WHAT YOU ARE ASKED TO DO: Print the records below exactly, from the line containing "Did you know" down to the line containing "The three types", both lines included, and omit every picture.

Recorded data
Segment Open
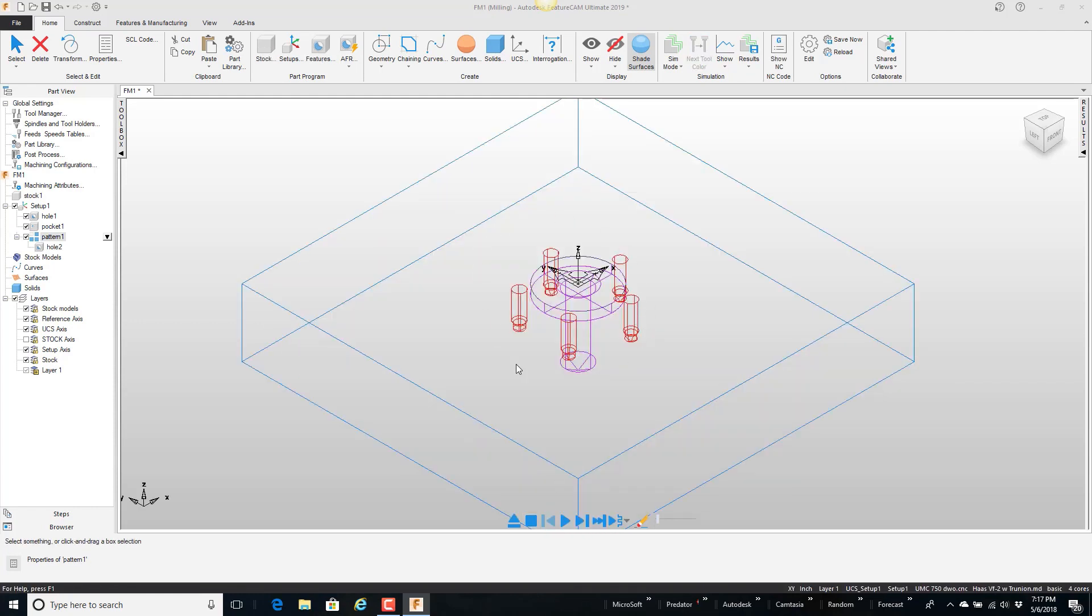So this setup of all these features I would like to group together and put in the part library so that I can call it out later to put it on different parts.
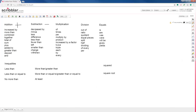Subtraction has its own set of words: decreased by, minus, less, difference — you'll see that quite often. Also: less than, fewer than, left, smaller than, change, withdraw. Multiply has words like: of, times, per, multiply by, product, increased by a factor. Twice means specifically multiply by two; triple means multiply by three. Also: each, by, and every. Division uses words like: out of, ratio, quotient, equal pieces, split, half, dividing, of every. Per almost always means multiply but occasionally means divide.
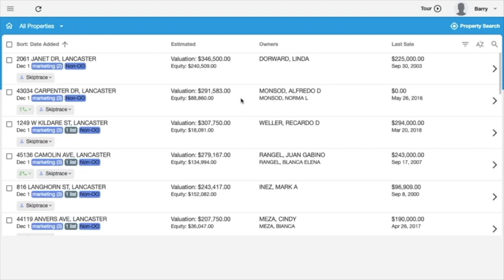So first of all, when you open up your DealDriven app, if you're new, then you won't see anything in your properties. If you're like me who have properties already in there, then you'll see a different change already.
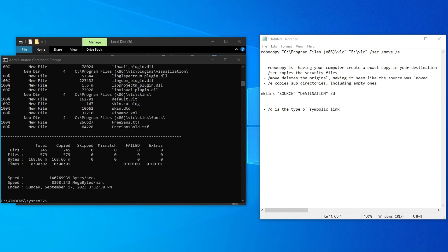This makes it so that the shortcut that you already have will automatically be redirected to the new file location. This allows your computer to run the application smoothly, instead of it having the 'can't find location' error whenever you try to open it up.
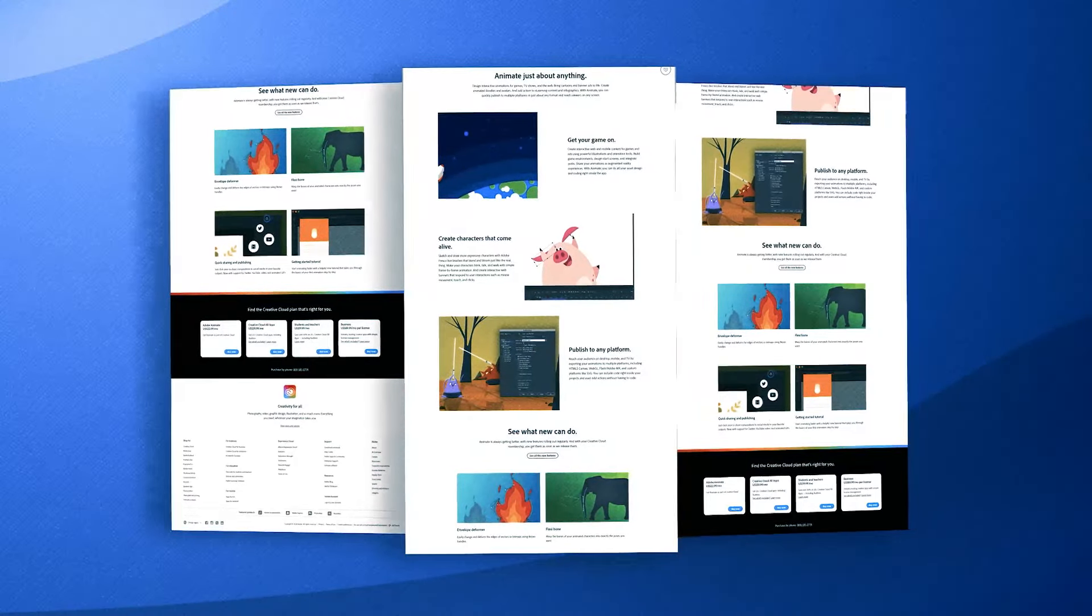In conclusion, Adobe Animate is a robust and versatile animation software suited for creating a wide range of animated content. Adobe Animate's comprehensive toolset, ease of use, and integration capabilities make it an essential software for animators looking to create interactive and engaging digital media.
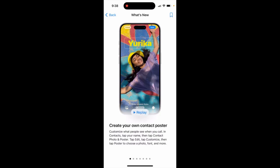Did you know that in iOS 17 on iPhone you can create your own contact poster and customize what people see when you call? In Contacts, tap your name, then tap Contact Photo and Poster, tap Edit, and tap Customize.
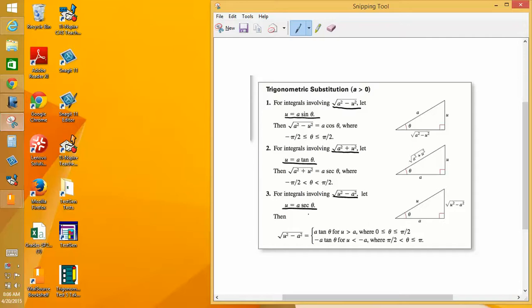The three types of trig substitution we're going to use are: if we have integrals in the form of the square root of a squared minus u squared, we'll use the substitution u equals a sine theta. If we have integrals in the form the square root of a squared plus u squared, we'll use u equals a tangent theta. And if we have integrals in the form of u squared minus a squared, we use u equals a secant theta.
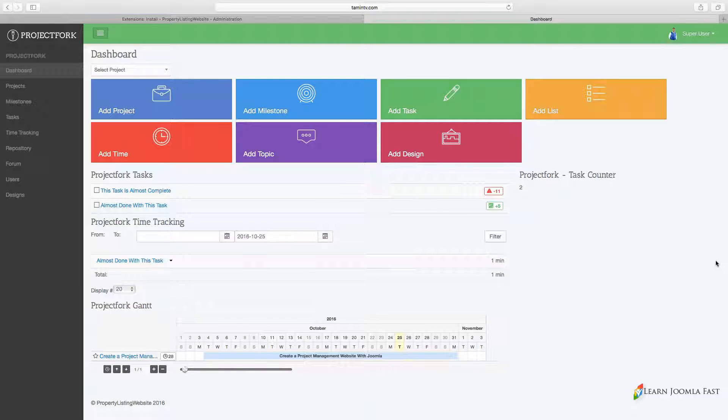This course is for two groups of people. The first group are individuals—you're going solo, you don't have a team, you do most of the work yourself, but you're looking for an effective way to manage your clients. Being a designer, developer, or marketer, I know how it is that you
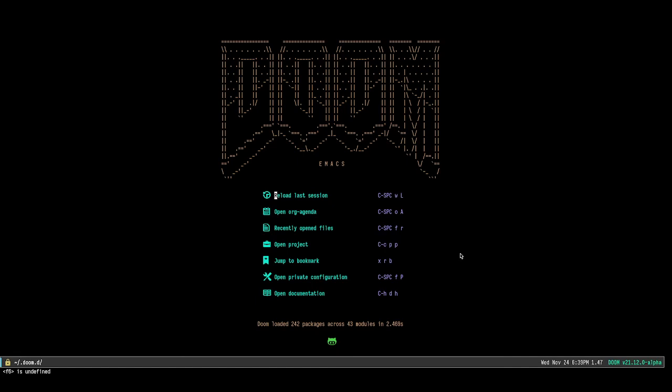Hello everyone, my name is Ahmad and I am very happy to be here. Today I'll talk about my academic workflow inside Emacs.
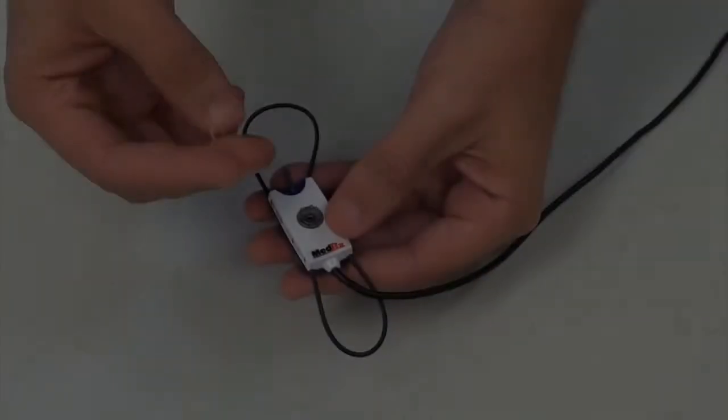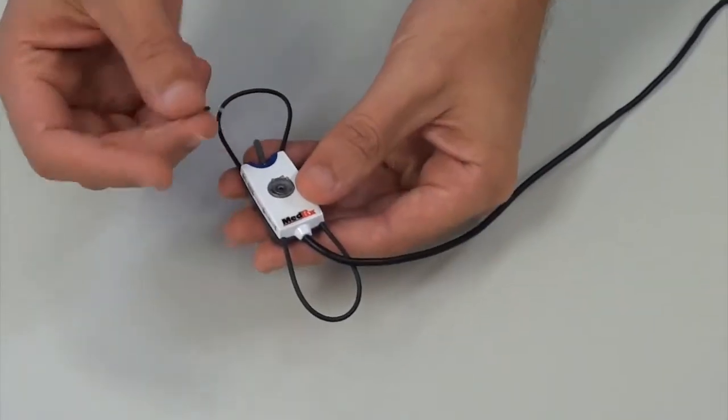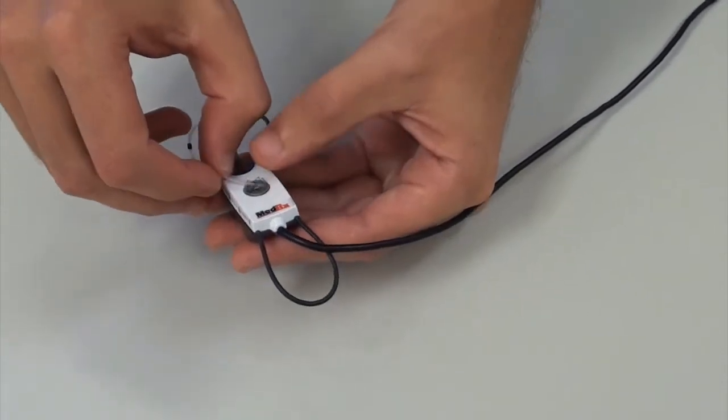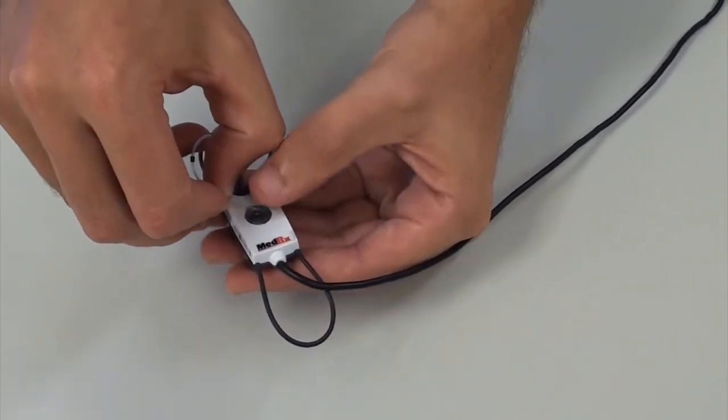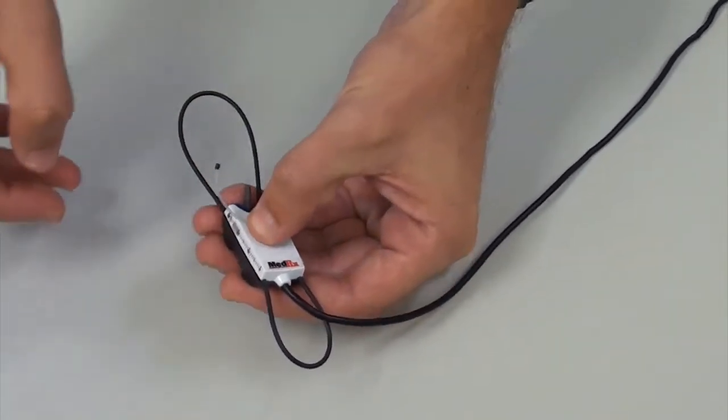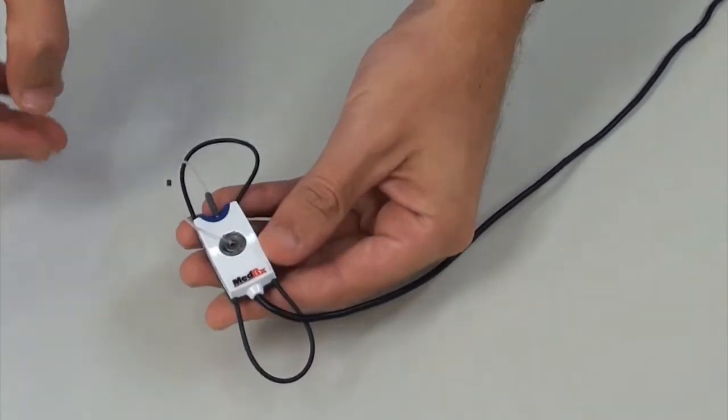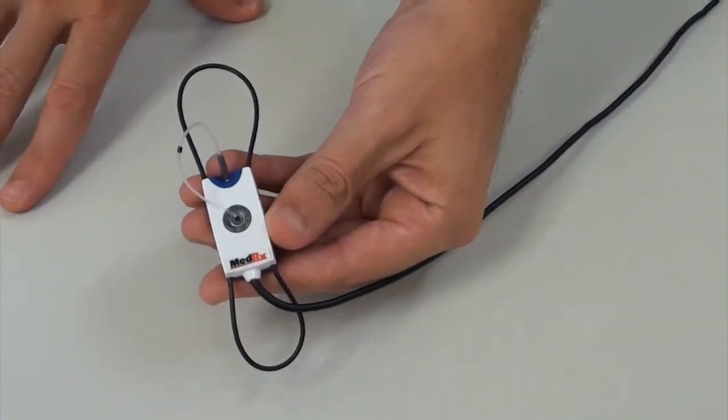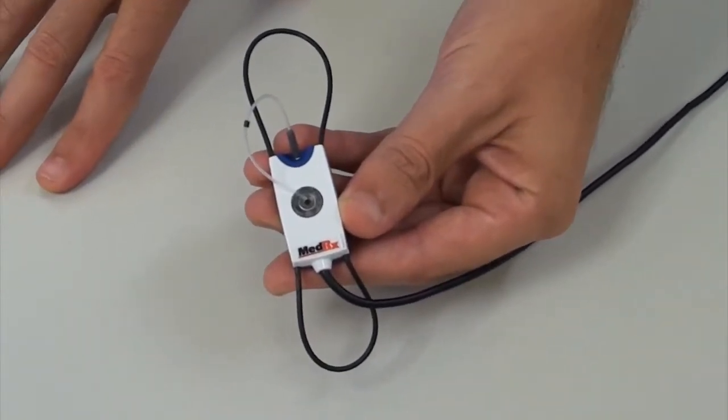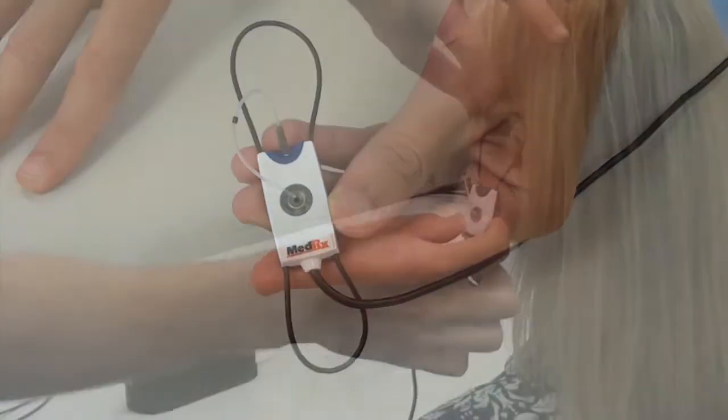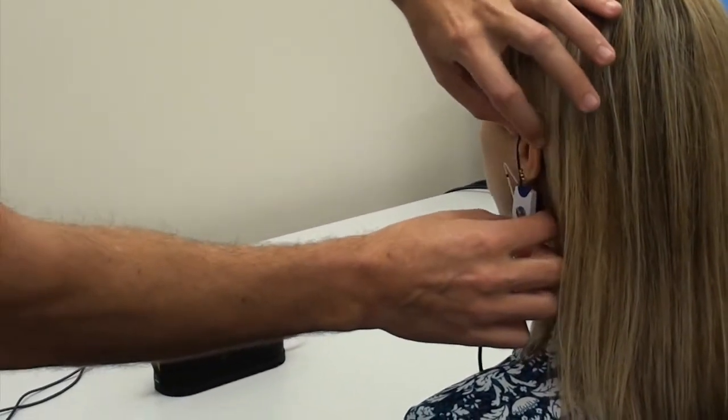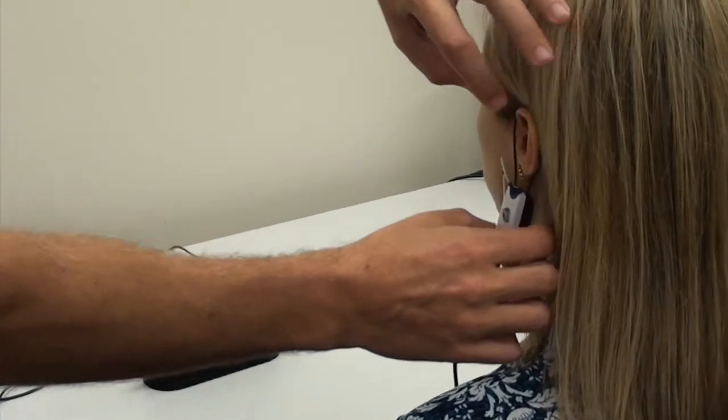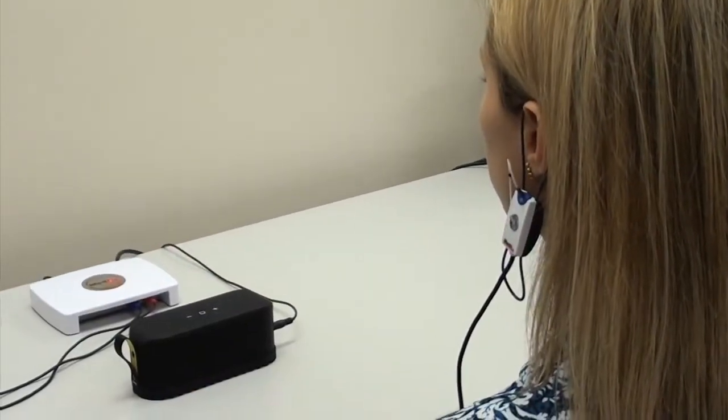You put the probe tube in calibration position. Now we're going to place the probe mics on the patient's ear and you're wanting to have that probe mic sit at the bottom of the ear lobe.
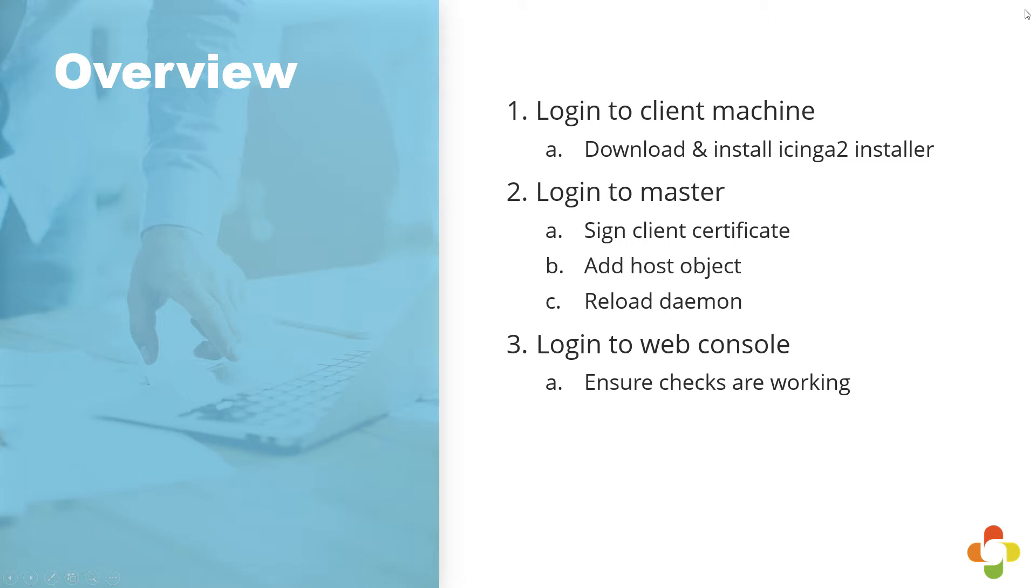we're going to log into the Icinga2 master, sign the client certificate, create a new host configuration so Icinga knows what to be monitoring on the host, then reload the daemon. At which point we will then go and view the web console to make sure that everything is working appropriately.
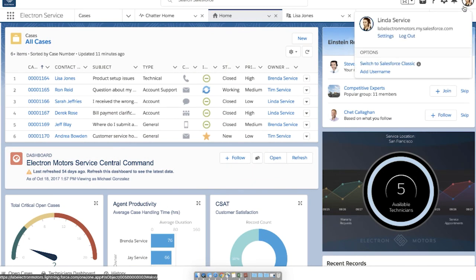There you have it. Thank you for joining me today and learning about new updates to Dynamic Lightning Pages. I hope you enjoyed this new feature and many others in Spring 2018.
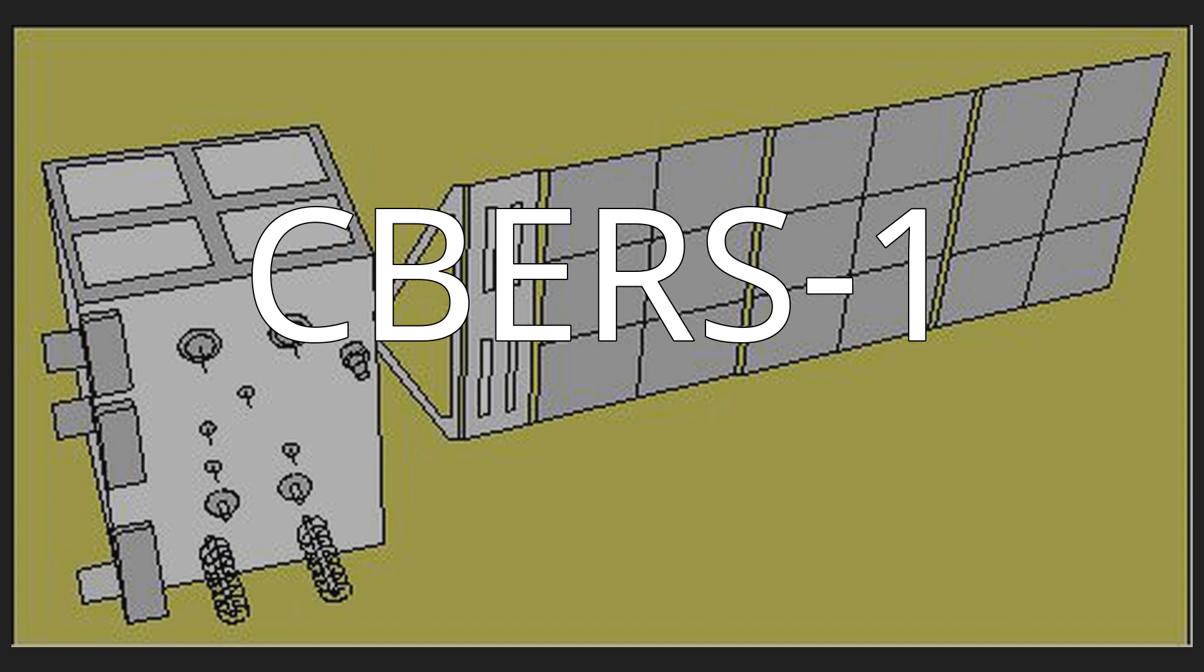The instrument suite aboard the CBERS-1 spacecraft consisted of three systems. The wide-field imager WFI produced visible light to near-infrared images with a resolution of 260 meters (850 feet) and a swath width of 890 kilometers (550 miles). A high-resolution CCD camera was used for multispectral imaging at a resolution of 20 meters (66 feet) with a swath width of 113 kilometers (70 miles). The third instrument...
Segment Closed
ANSWER FOR THE TASK:
Did you know that in iOS 17 on iPhone you can create your own contact poster and customize what people see when you call? In Contacts, tap your name, then tap Contact Photo and Poster, tap Edit, and tap Customize.
The three types of trig substitution we're going to use are: if we have integrals in the form of the square root of a squared minus u squared, we'll use the substitution u equals a sine theta. If we have integrals in the form the square root of a squared plus u squared, we'll use u equals a tangent theta. And if we have integrals in the form of u squared minus a squared, we use u equals a secant theta.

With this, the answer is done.